Irezumi (6)

christinej

Je suis allongé sur le sol. Maitre Hori, a suspendu son geste.

Je sens son regard intense parcourir mon dos, mes épaules et le haut de mes bras, de temps en temps sa main vient effleurer un détail. Il joue encore avec son aiguille, affine un trait, ravive une couleur, ajoute une ligne.

Sa main reste immobile mais fébrile, comme prête a attaquer de nouveau ma peau.

Il pose ses instruments, retire ses gants et se lève.

Je suis toujours face contre terre a attendre sa décision. Cela fait plus de 2 ans que je viens chaque semaine. Mes économies sont parties en fumée. J’ai enduré une douleur que je n’avais jamais imaginé possible.

Son œuvre est-elle achevée?

Les minutes passent et c’est toujours le silence, je voudrais me lever, lui parler, mais je sais combien il déteste ca, briser le silence sans sa permission. Il doit être le premier a parler, le premier a bouger. Je dois suivre et obéir.

Alors j’attends avec toute la patience que j’ai accumulé pendant toutes ses séances.

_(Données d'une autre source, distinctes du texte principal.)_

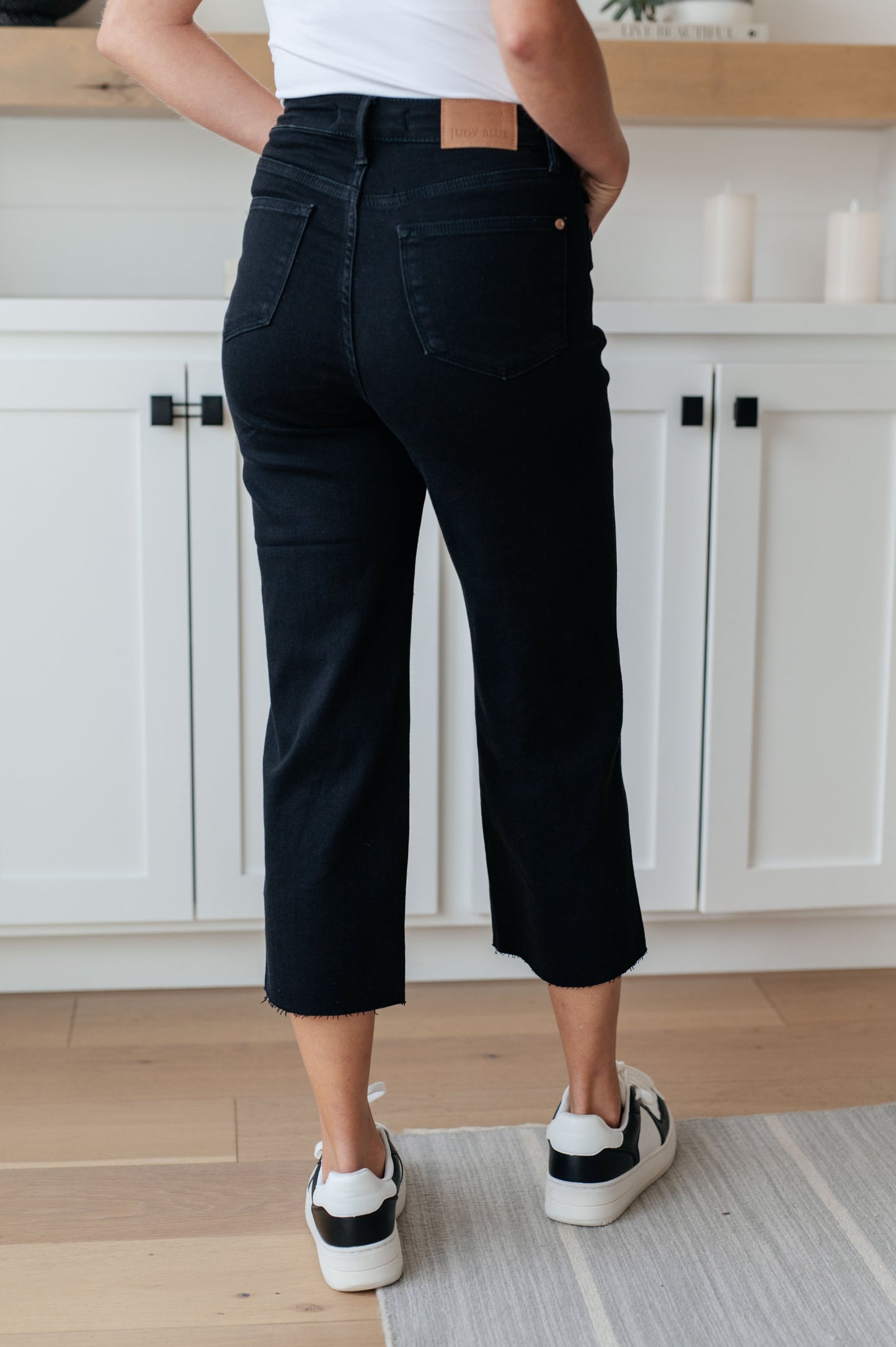 Lizzy High Rise Control Top Wide Leg Crop Jeans in Black - G Marie's Boutique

“tu peux t’assoir, petit.”

Je m’exécute.

“il reste un dernier chapitre a ton histoire, petit.”

Je le regarde, presque suppliant de ne pas me demander ca. Mais je sais que n’ai pas le choix, je me suis engagé sur cette voie et je dois continuer, pour elle.

“ bon….nous étions heureux, comme je le disais. Les jours défilaient et mon amour pour elle ne faisait que grandir. Elle était devenu tout pour moi, et j’aimais a croire que j’étais tout pour elle. J’avais oublier ma peine et mon crime. Je m’étais mis en tête, je crois, que cela n’avait plus d’importance, que tout ce qui comptait, c’était ce que j’avais maintenant, avec elle. Je n’avais rien retenu de la leçon que la vie m’avait donné. J’allais l’apprendre de nouveau et de façon brutale.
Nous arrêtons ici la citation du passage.